Authentically African: Art and Postcolonial Cultural Politics in Mobutu's Zaire. A lecture by Sarah Van Beurden


From 22 July 2017




Garage Auditorium


Sarah Van Beurden, Associate Professor at the Ohio State University, discusses the Congo’s cultural policies under Mobutu Sese Seko.

In 1971, President Mobutu of Zaire (former Belgian Congo, today’s Democratic Republic of Congo) declared the cultural politics of authenticité (authenticity) to be the official ideology of the state. It attempted to reorient the country’s cultural identity to so-called authentic indigenous African values, with the professed goal of ending the cultural alienation caused by the colonial experience This lecture will explore how, in the context of these authenticity politics, Mobutu’s regime used both historical and modern arts to construct and promote Zaire’s postcolonial cultural sovereignty, at home as well as internationally.

Cultural institutions like the museum and the art academy played a central role in the formulation of national canon that excluded much of the work of the Popular Painters on display at Garage today, despite the international interest in these painters. Instead, it emphasized so-called traditional arts as a national cultural resource and promoted a modernism developed by a group of artists who organized themselves under the name ‘Zairian Avant-Gardistes’.

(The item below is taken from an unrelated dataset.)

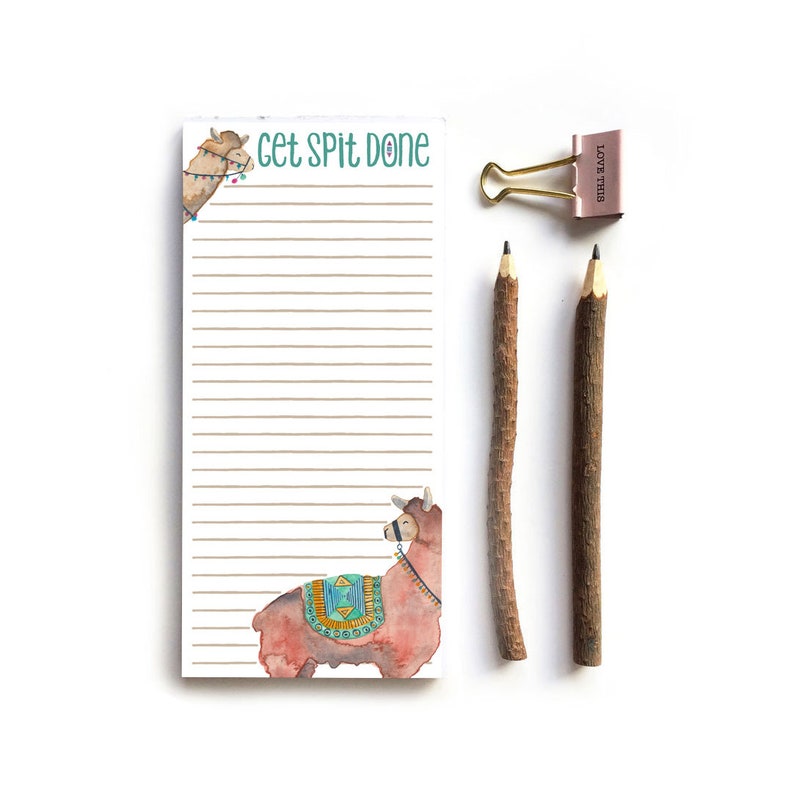 Puede incluir: Un bloc de notas con el texto "Get Spit Done" y una ilustraci&oacute;n de llama. Incluye dos l&aacute;pices de ramita y un clip rosa y dorado con "Love This". El bloc de notas tiene p&aacute;ginas rayadas.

Sarah Van Beurden is an Associate Professor of history and African studies at the Ohio State University. After completing her undergraduate studies in Belgium, she obtained a Ph.D. in history from the University of Pennsylvania (USA.) She is the author of Authentically African: Arts and the Transnational Politics of Congolese Culture (2015), edited a recent issue of Critical Interventions: Journal of African Art History and Visual Culture on "Postcolonial Cultural Politics," and has written several chapters and articles on Congolese history, African cultural heritage, museums, and contemporary Congolese art. She is a visiting scholar at the Max Planck Institute for the History of Science in Berlin, where she is a member of the "Histories of Planning" workgroup and editorial collective.